I wish someone would now come up with a better idea than this,
either young or old. This would please me.
When Agamemnon invited anyone, young or old, to suggest a plan in the wake of their defeat at the hands of Hector, Diomedes, first excusing his youthfulness (ibid. 110–27), advised immediate action. Polyxo similarly calls for immediate action in the case of the unexpected arrival of the Argonauts (693–96). Not only does Hypsipyle's elderly nurse contrast with Diomedes in gender and age, but even in the nature of her advice; she speaks of surrendering themselves and their homes to the Argonauts, while Diomedes advocates a more aggressive approach in their war against the Trojans. The change of advice from an immediate attack in the battlefield to immediate submission in bed is as striking as it is suggestive of the importance that love will play in the present episode and in the epic in general.
The inversion of this Iliadic model parallels the adaptation of an Odyssean text that immediately follows. Once Hypsipyle sits down on her father's throne after her brief address to the assembly, the elderly Polyxo rises to speak, surrounded by four aging maidens:[17]


Thus she spoke, and she sat down on her father's seat
of stone. Then Polyxo, her beloved nurse, arose,
moving haltingly on legs twisted from age and
leaning on her cane; she was most eager to address the assembly.
Alongside her sat four young women,
unmarried girls whose hair was beginning to turn gray.
She stood in the middle of the assembly and could barely hold
her neck up, her back was so badly crippled . She said the
following.
The scholiast ad 1.669 was the first to observe that Apollonius had a specific Homeric passage in mind, in this case from the second book of the Odyssey :[18]

He [sc. Telemachus] sat down on his father's throne and the elders
yielded.
The hero Ægyptus was the first to speak among them,
a man who was crippled from age and knew countless things.
For his own dear son went together with godlike Odysseus
to horse-rich Ilion in the hollow ships,
the warrior Antiphus. The savage Cyclops killed him
in his cavernous home, the one whom he ate last.

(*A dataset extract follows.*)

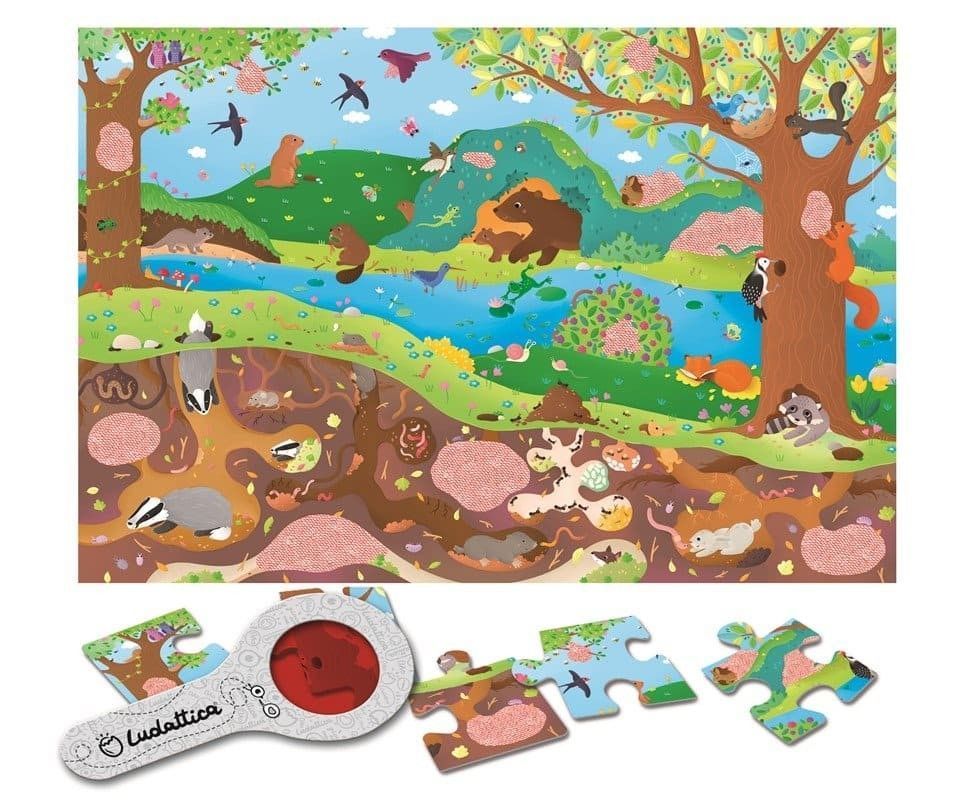 Segunda imagen del Puzzle Secreto Arriba y Debajo un Puzzle con lupa de Ludattica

Yet there were three other sons, and one associated with the
suitors,
Eurynomus, while the other two stayed on their father's farm.
In the Homeric passage, Telemachus called the first assembly held in Ithaca since the departure of Odysseus for Troy twenty years earlier. As Telemachus sits on his father's throne, the aged Ægyptus, who was the father of four sons, asks the reason for the assembly. He imagines that there must be the threat of an invading army (ibid. 25–34).[19] Here we can observe several points of contact with the Argonautic text:
• Hypsipyle, the daughter of the king, calls an assembly just as does Telemachus, the son of Ithaca's king, Odysseus.

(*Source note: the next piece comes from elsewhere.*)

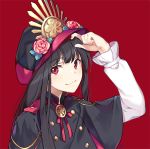  :3 bangs black_hair blunt_bangs blush eyebrows_visible_through_hair family_crest fate/grand_order fate_(series) flower hat hat_tip long_hair long_sleeves looking_at_viewer military military_uniform nagu oda_nobunaga_(fate) peaked_cap puffy_sleeves red_background red_eyes red_ribbon ribbon simple_background solo uniform upper_body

• Both Telemachus and Hypsipyle are portrayed as seated on their fathers' thrones.
• The aged Polyxo is the female counterpart of the aged Ægyptus.
• The four maidens with Polyxo parallel the four sons of Ægyptus.
• Invading armies are the apparent concern of both assemblies.
Moreover, both assemblies take up the issue of prospective marriages: the Lemnian women debate marriage with the Argonauts, while in the Ithacan assembly, marriage with Penelope lies at the heart of the problem for which the people were convened. In both this and in the previous Iliadic reference, Apollonius contrasts the Lemnian women with Homeric males, a contrast that reflects the gender opposition of the surrounding frame (Æthalides-Iphinoë).
By counterposing Lemnian and Argonautic men with Lemnian women in the structure of the subsections, and by inverting the gender of the exposure motif and the Homeric models, Apollonius pits male against female in the first half of the episode. The gender antithesis neatly reflects the role reversal of the Lemnian women, which lies at the heart of the story. These armed warriors, highlighted at the center of the first half, will threaten the continuation of the Argonautic mission. As will become clear in the second half of the episode, the poet will imply through allusion to well-known Homeric texts that the Argonauts are in danger of becoming less than men because of their association with the masculine women of Lemnos.
[19] Cf. W. B. Stanford, The Odyssey of Homer (London 1950) vol. 1 ad 2.30.